I hear a lot about CBR and VBR; what’s wrong with ABR?

Reply #26
streaming my FLAC library from my home, transcoded to MP3, to my office.

What I meant was, depending on how this streaming is being accomplished, ABR might not make a difference.
The streaming software or gear that you're using is either
  • taking the files "raw" and pumping them through the network—that is, if one file is 320 kbps CBR and the next is ~160 kbps VBR, that's exactly what's going out over the network, so on the receiving end you see the bitrate changing; or
  • transcoding the files as it reads them—that is, no matter what format they are on disk, they get decoded and re-encoded with consistent parameters (that you configured in the streaming software) so what goes out over the network doesn't fluctuate.
If it's #2, then it doesn't matter whether you are making the files be ABR or CBR on disk before they're streamed.
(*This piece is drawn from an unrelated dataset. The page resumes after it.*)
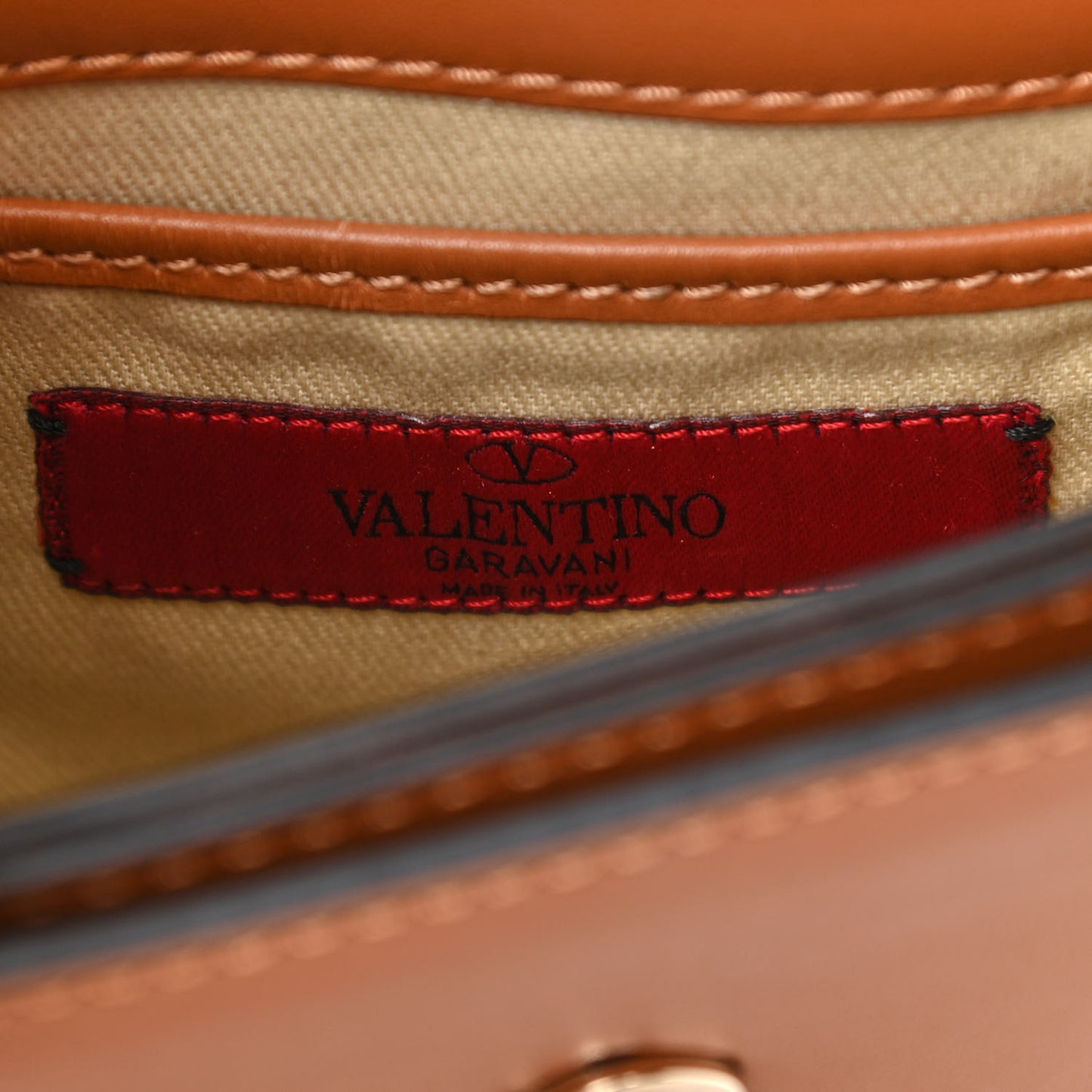 Vitello Rockstud Flap Crossbody Bag Light Cuir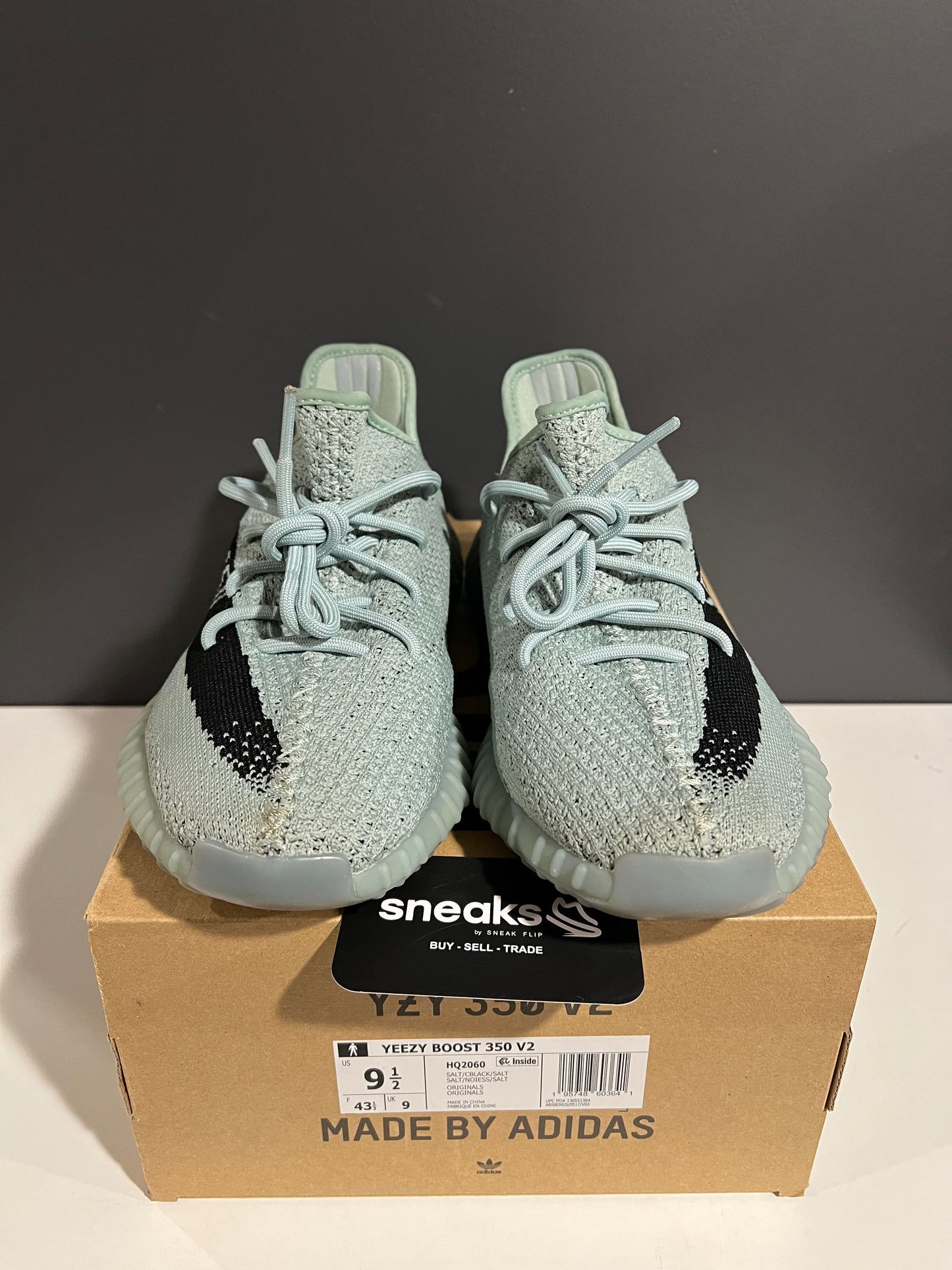 USED Yeezy Boost 350 V2 Salt HQ2060 SIZE 9.5M OG ALL AG25-311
I hear a lot about CBR and VBR; what’s wrong with ABR?

Reply #27
What I meant was, depending on how this streaming is being accomplished, ABR might not make a difference.

The streaming software or gear that you're using is either

1. taking the files "raw" and pumping them through the network—that is, if one file is 320 kbps CBR and the next is ~160 kbps VBR, that's exactly what's going out over the network, so on the receiving end you see the bitrate changing


I didn't propose a scenario where we're streaming from files stored at random MP3 bitrates/encodings and trying to rate-limit it, but I suppose I also didn't specifically say we're not. Assume that the source is always lossless.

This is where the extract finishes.